§ What the task asks
Starting at the line below with "Building Photo - 1690 E 5th Ave" and stopping at the line with "2023 John Deere 17 P Image 1", please print each line exactly, those two included, and skip every picture.
--- Record set ---
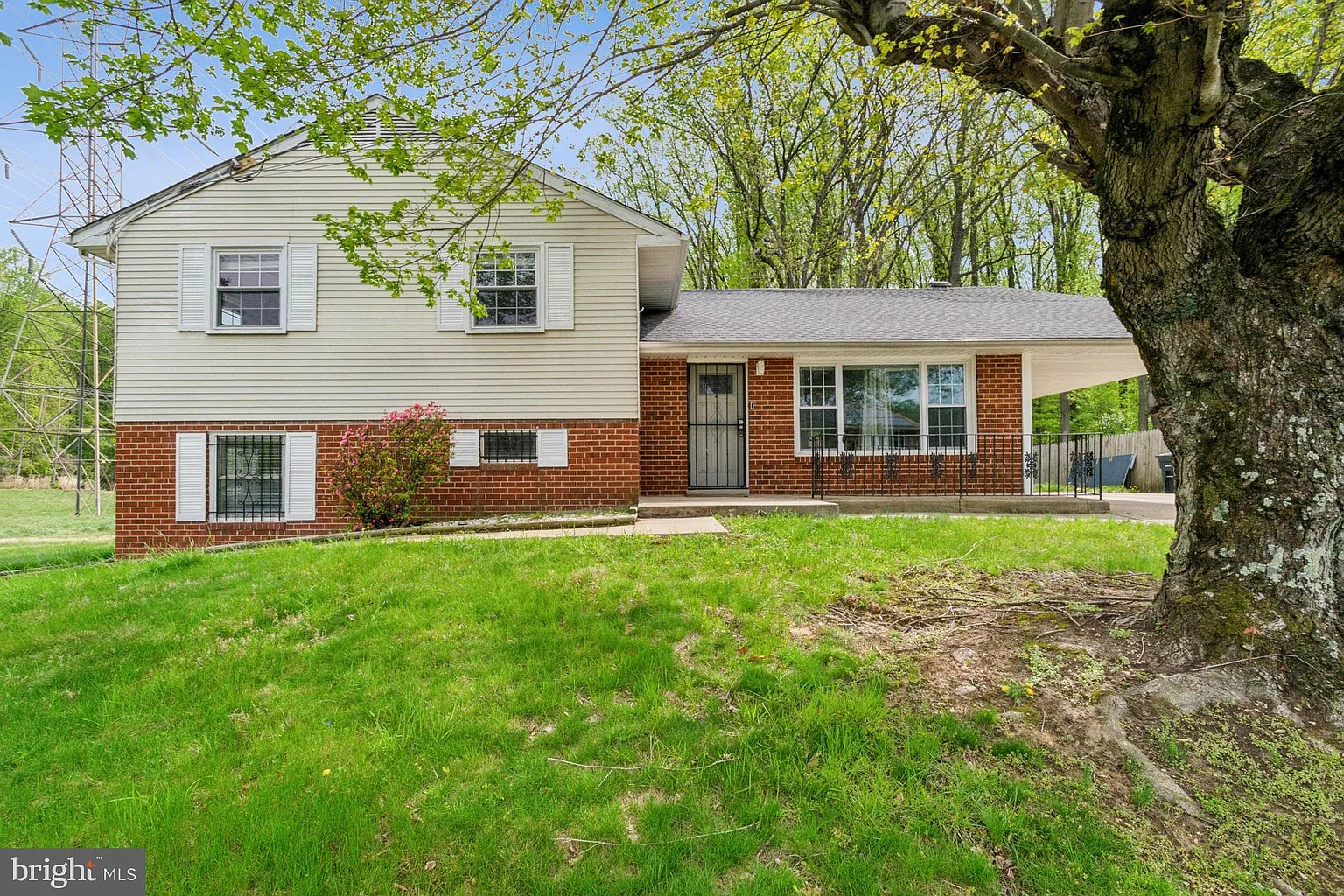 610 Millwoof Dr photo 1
---
--- Record set ---
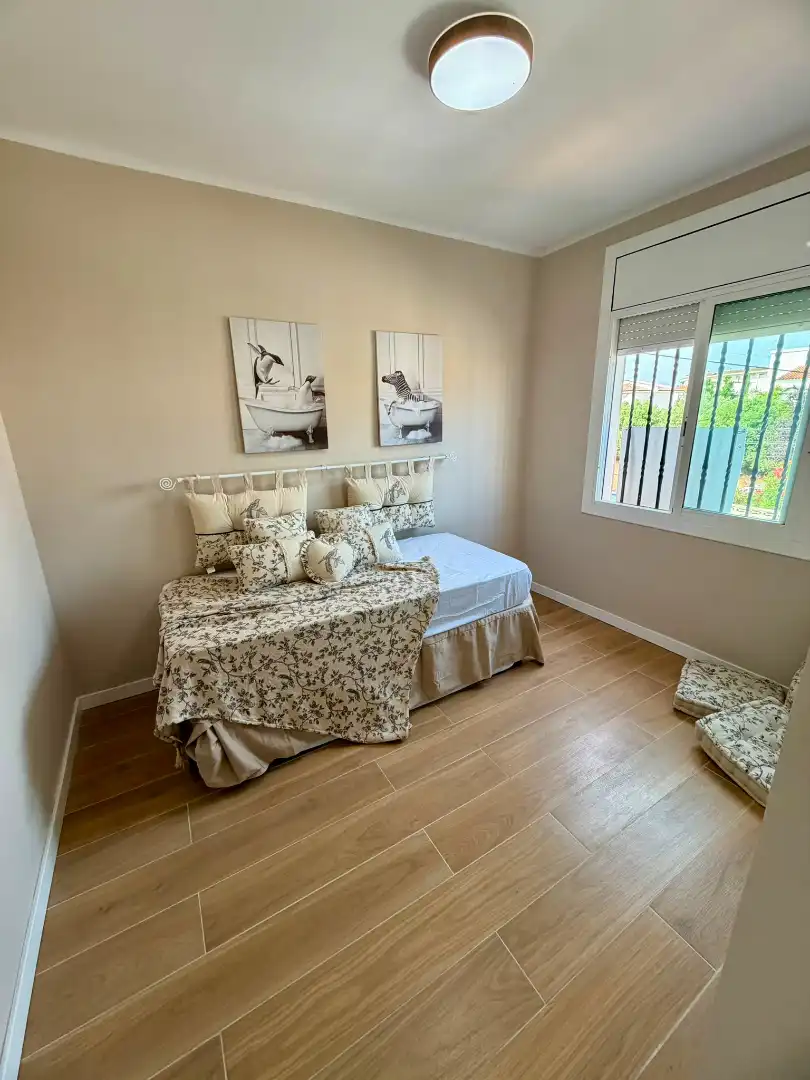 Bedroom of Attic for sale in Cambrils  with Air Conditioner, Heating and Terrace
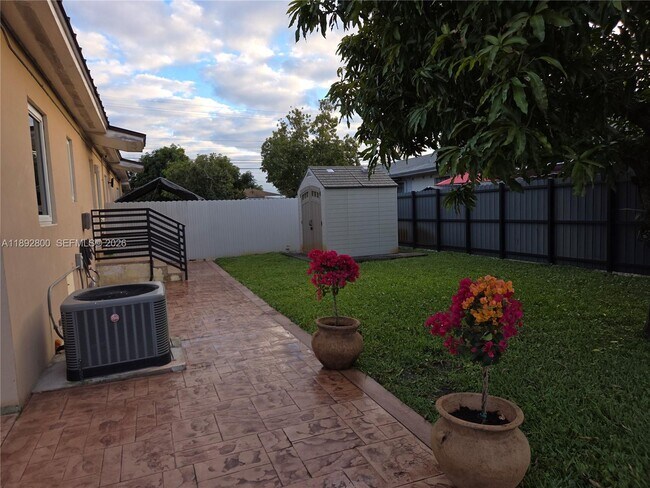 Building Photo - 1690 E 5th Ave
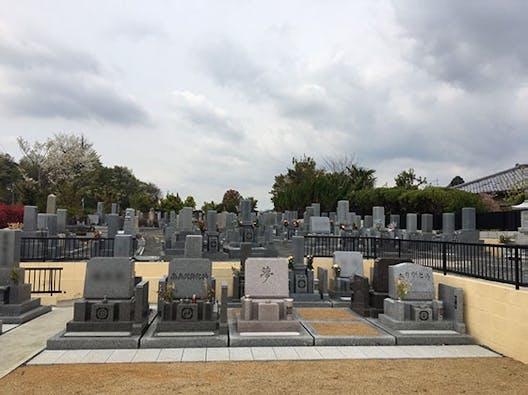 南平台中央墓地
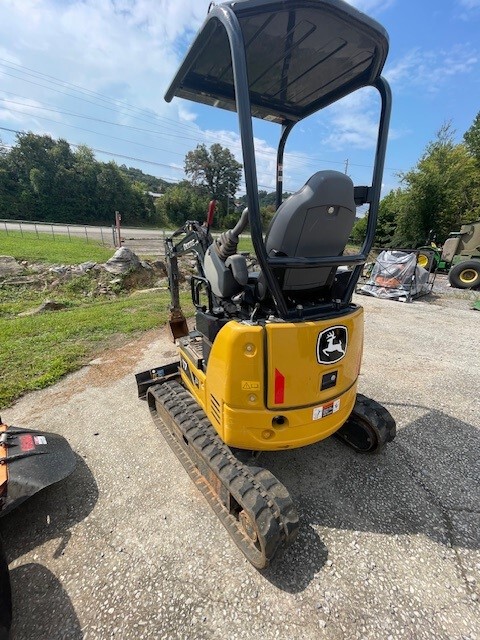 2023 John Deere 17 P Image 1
---
§ Response to this task
 Building Photo - 1690 E 5th Ave
 南平台中央墓地
 2023 John Deere 17 P Image 1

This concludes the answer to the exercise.